Eni e non solo, tutte le ipocrisie dei No-Triv

In Italia parlare di petrolio e gas può apparire fuori luogo, ma il greggio costituisce col 34% la prima fonte dei nostri consumi di energia. L'analisi dell’economista Alberto Clò, direttore della rivista Energia 

L’ennesima uscita di un’impresa estera, con la rinuncia di Shell a dar seguito ai permessi di ricerca di gas e petrolio in Piemonte, è stata salutata con entusiasmo dal M5S come un ulteriore passo “verso un’Italia Oil Free”.

A parte il fatto che ancor oggi il petrolio costituisce col 34% la prima fonte dei nostri consumi di energia e che non estrarlo all’interno non equivale affatto a non consumarlo (bensì ad importarlo), può apparire fuori del coro parlare di petrolio e metano anche solo indirettamente riconducibili al nostro Paese.
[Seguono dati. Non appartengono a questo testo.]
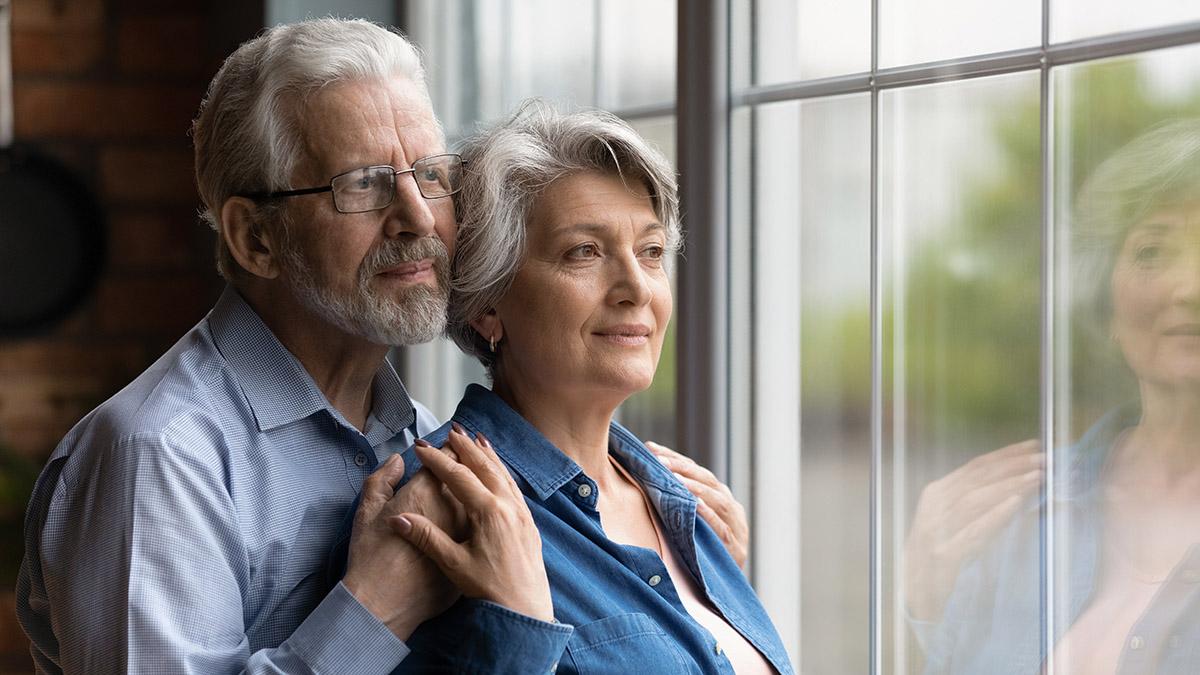 Elderly spouses hug look at window meet twilight years together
Parlare di Eni, ad esempio, e delle sue ottime performance.

Non farlo sarebbe però segno di quell’ipocrisia che attraversa l’imperante retorica ambientale su quel che sarà – grazie all’auspicato ma difficilissimo da conseguire Piano Energia-Clima – evitando di parlare di quel che è. E negli idrocarburi è soprattutto Eni: società quotata, (ancora) controllata dallo Stato, patrimonio quindi dell’intera collettività che ha ampiamente beneficiato della sua azione sin dalla sua fondazione nel 1953.

Qualcosa quindi di cui non bisognerebbe imbarazzarsi e tacerne, come nella più parte dei media. Né, a ben vedere, lo fa lo stesso Cane a Sei Zampe, sempre più proteso a pubblicizzare quel che fa nelle marginali rinnovabili (da ultimo sul moto ondoso o gli olii esausti) più che nel suo core business: petrolio e metano.
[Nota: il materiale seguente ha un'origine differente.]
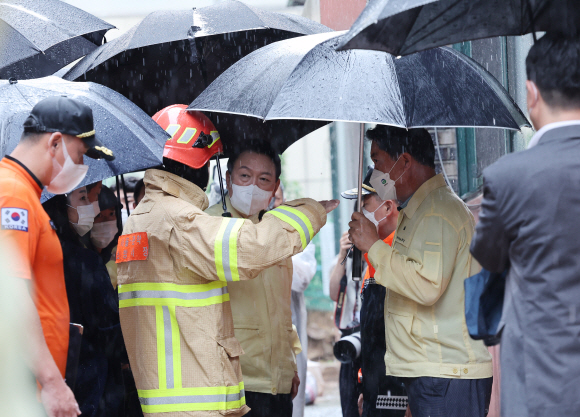 윤석열 대통령이 9일 간밤 폭우로 일가족 3명이 사망한 서울 관악구 신림동의 다세대 주택을 찾아 현장에 대한 설명을 듣고 있다. 2022. 8. 9. 박지환 기자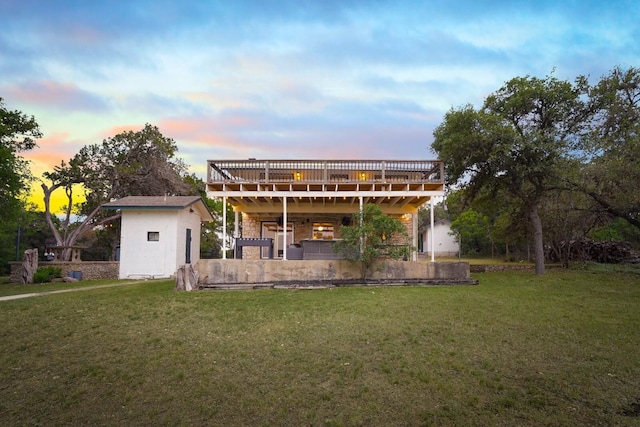 back of property with a yard and a deck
Per saperne di più è utile allora scorrere la stampa internazionale, specie quella specializzata, a iniziare dal più accreditato magazine del mondo degli idrocarburi: Oil&Gas Journal, fondato nel 1902, che in un recente numero riporta le classifiche delle Top 50 oil&gas americane e le Top 100 nelle altre regioni sui loro risultati nello scorso biennio.
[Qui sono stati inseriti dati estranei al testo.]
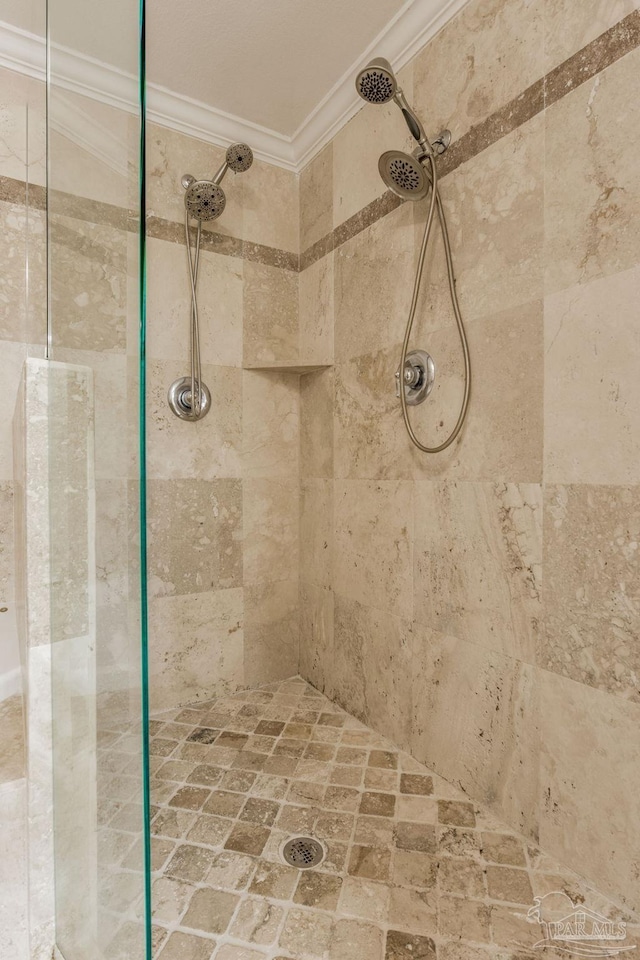 bathroom with a tile shower and ornamental molding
Eni vi compare nella classifica europea come 4° gruppo dietro, nell’ordine, all’anglo-olandese Royal Dutch Shell (RDS), alla britannica BP, alla francese Total e davanti alla norvegese Equinor (nuovo nome di Statoil dopo un’abile operazione di green-washing) e alla spagnola Repsol.

Al di là della notevole differenza dimensionale negli indicatori monetari (ricavi e utili) in un rapporto sino a 1 a 4 rispetto alla prima classificata RDS, Eni evidenzia due aspetti del tutto peculiari rispetto ai suoi competitor: 1) una più elevata propensione ad investire e 2) una relativamente più ampia base mineraria.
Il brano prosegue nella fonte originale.